Last week, after a relaxing weekend at our friends’ mökki (Finnish summer cottage), we did a whirlwind tour of three capital cities in three days. The three countries we visited are known to their respective residents as Suomi, Eesti and Sverige. The last two might sound somewhat familiar to an English-speaker; we call them Estonia and Sweden. But the first country’s own name for itself sounds nothing like the English name; to us, ‘Suomi’ is ‘Finland.’
While in Helsinki, we visited Suomenlinna, a maritime fortress whose name translates literally as “Finnish Castle.” Just like everywhere else in Finland, the signs at Suomenlinna were in both Finnish and Swedish. The Swedish name for this fortress is “Sveaborg” which translates more or less as “Swedish Castle.” Hmmm.

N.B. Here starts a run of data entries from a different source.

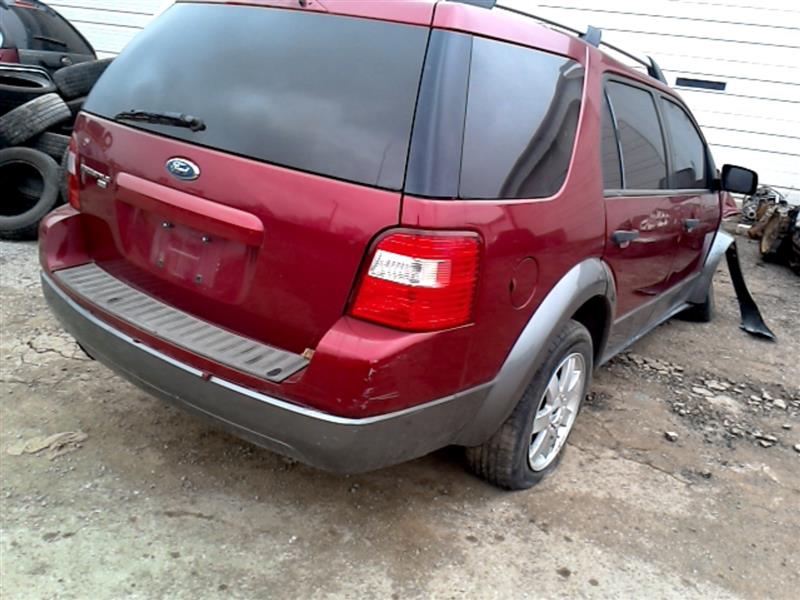 https://f005.backblazeb2.com/file/img-partshotlines-com/Inventory/EX396/Vehicle/11053_03.jpg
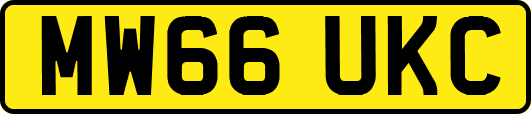 MW66UKC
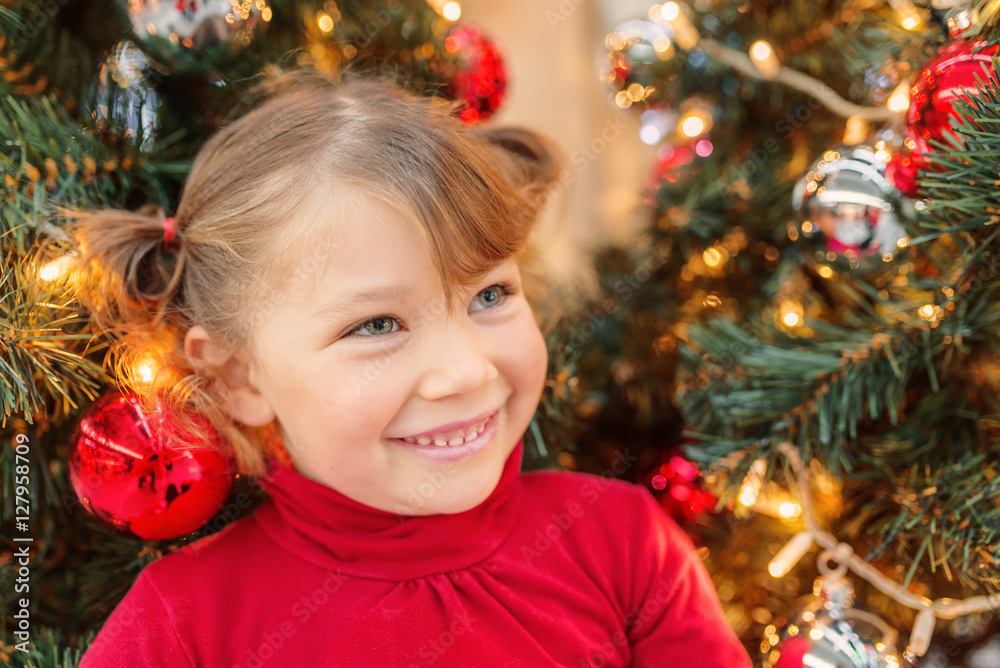 magie de noël magie de noël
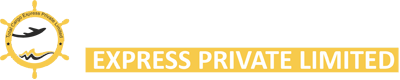 logo main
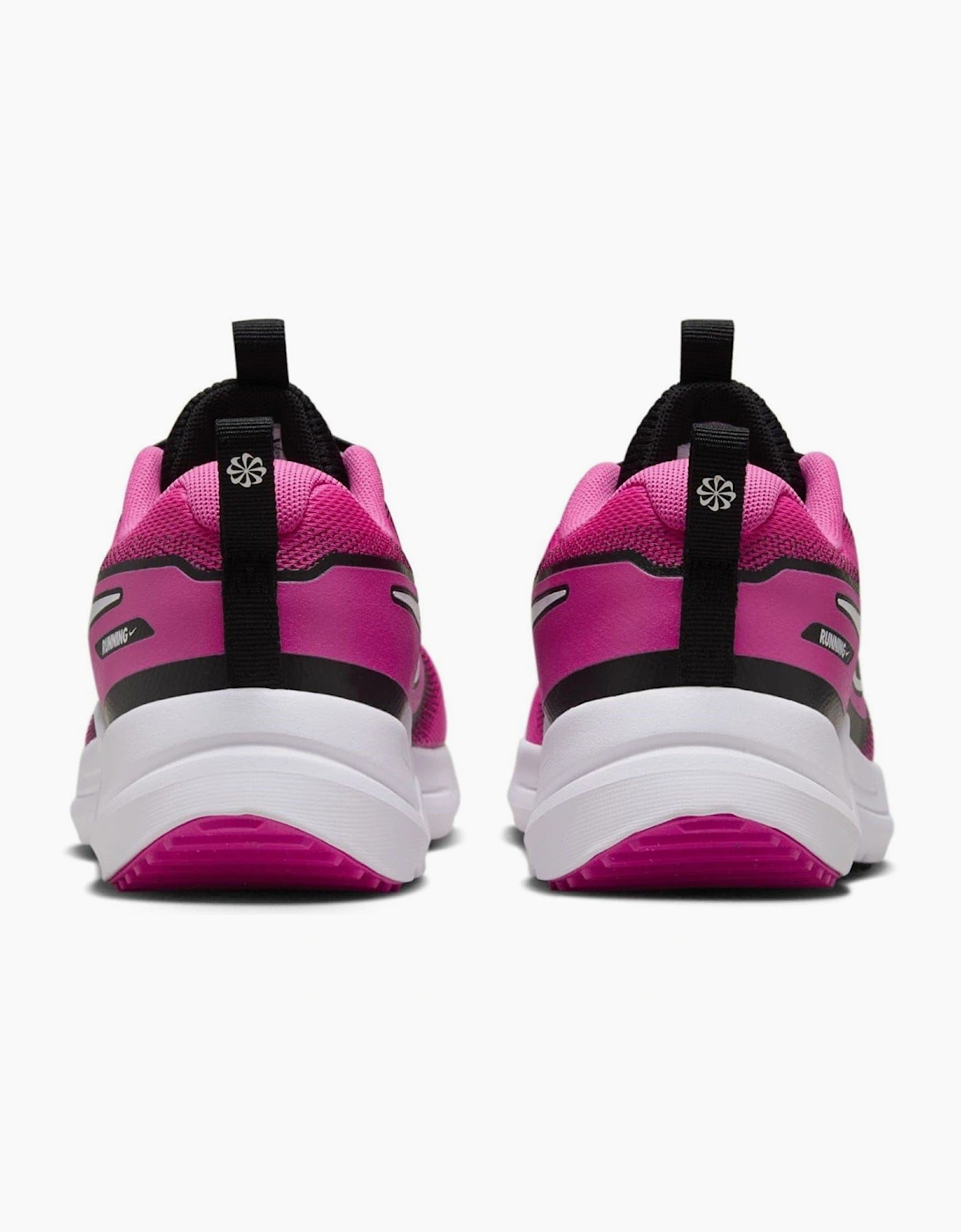 Running Shoes Juniors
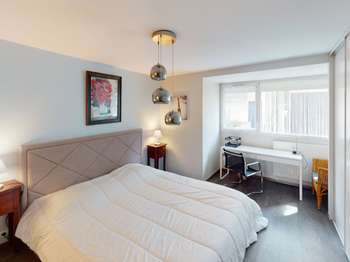 Location appartement 4 pièces Location appartement 4 pièces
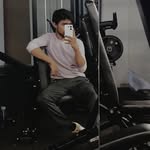 agnihotri__anand profile picture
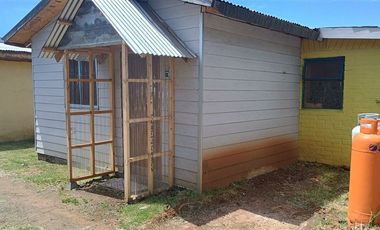 Sitio en Venta en Av. Manquehue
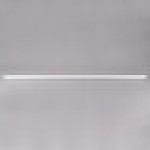 Satco S6691 48 Satco S6691 48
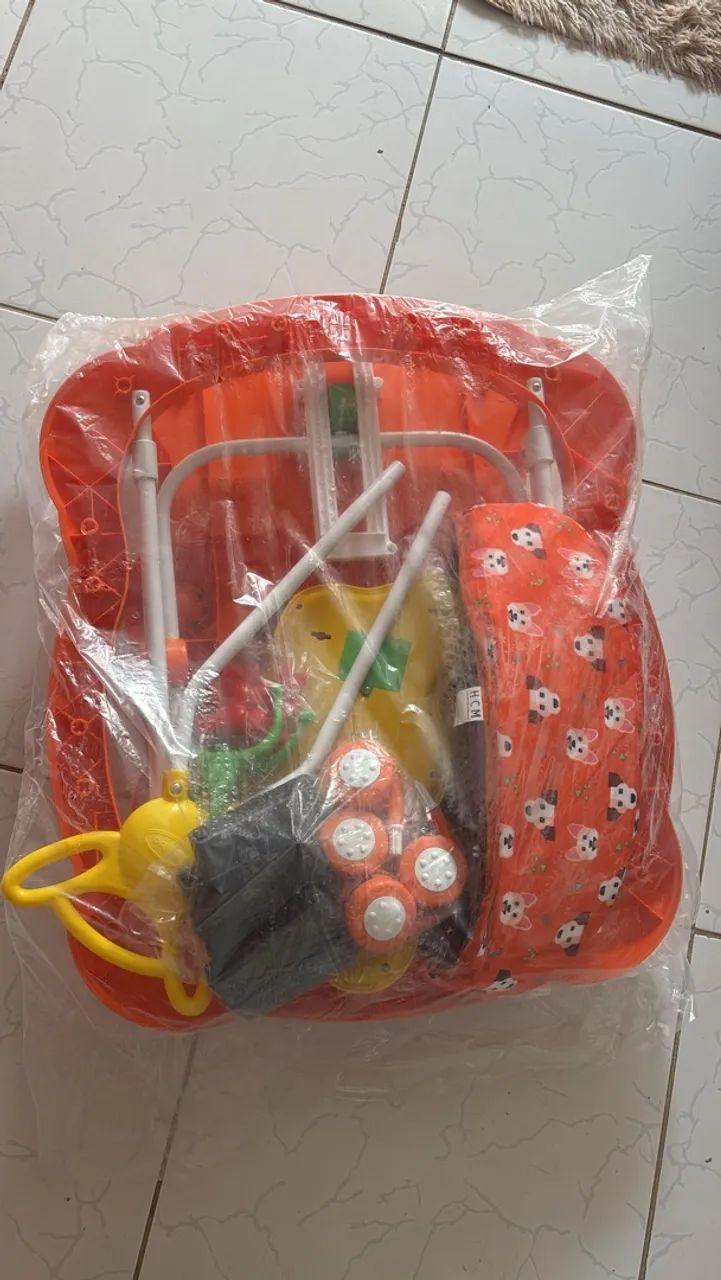 Andajar  - Foto 2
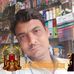 Profile Picture of Nitesh Jain (@nitesh.jain.16752) on Facebook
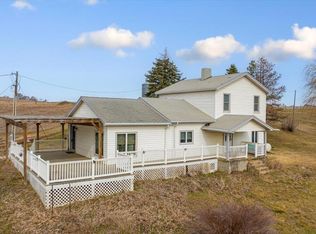 1454 Obanion Rd, Dunlap, IA 51529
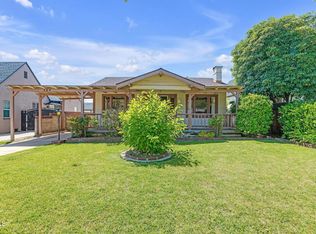 209 Segovia Ave, San Gabriel, CA 91775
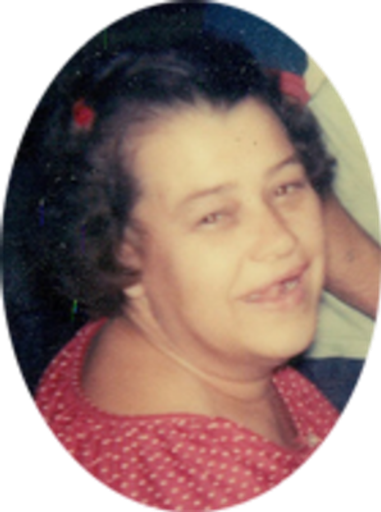 Betty Lois Lilly Profile Photo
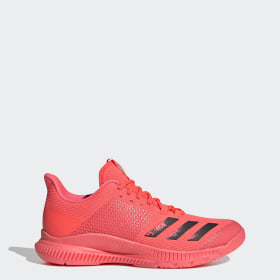 adidas performance bounce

Several times this year, we’ve wondered at the historical reasons that the English language came up with a different name for almost every major city in Italy (Roma>Rome; Firenze>Florence; Venezia>Venice, etc), but left French and Spanish city names untouched.
And of course, English isn’t the only language that ignores endonyms (names used by a group of people to describe themselves, their language and the place where they live) in favour of exonyms (names used by outsiders to describe those same things); we say, “Germany,” the Spanish say “Alemania” and the Hungarians say “Németország.” None of these sound even remotely like “Deutschland,” which is what the people who live there call it.
And so far we’ve only discussed European countries. The situation becomes even trickier as you venture into Asia. Do you know the English name for the country called “Bharat”? Can you make any sense of the names on this map?
Deciding whether to use an endonym or exonym seems pretty straightforward when communicating with another outsider. I don’t tell my English-speaking friends, “I’m heading to Suomi this weekend” because I know that they won’t know what I mean. Even when talking to someone who’s from the country in question, it seems fine to use the commonly accepted place name of whatever language we’re speaking: I usually say “Germany” when speaking in English with German friends, just as I say “Vereinige Staaten” when speaking in German about my own country of birth.
But it’s all well and fine for those of us who speak historically imperial languages to assent (in limited situations) to calling our countries by their names in other languages; those different names are little more than fanciful amusements to us. But if you live in Georgia (the Republic in the Caucasus, not the state in the American South), whether someone calls your country, ‘Georgia’ or ‘Gruziya’ or ‘Sakartvelo’ might matter a great deal to you.
For the most part, I think we should call a country/city/ethnic group whatever it wants to be called. That doesn’t necessarily mean calling them what they call themselves; in the example from the previous paragraph, the country wants others to call it ‘Georgia’ even though it calls itself “Sakartvelo.” And no one in any of the three countries we visited last week seemed to have any qualms about calling their country a different name whilst speaking in English.
In any case, this might be one of the few areas where European countries do a better job with Africa than with each other. Although they may spell it slightly differently, most European languages comply with calling Kenya, ‘Kenya.”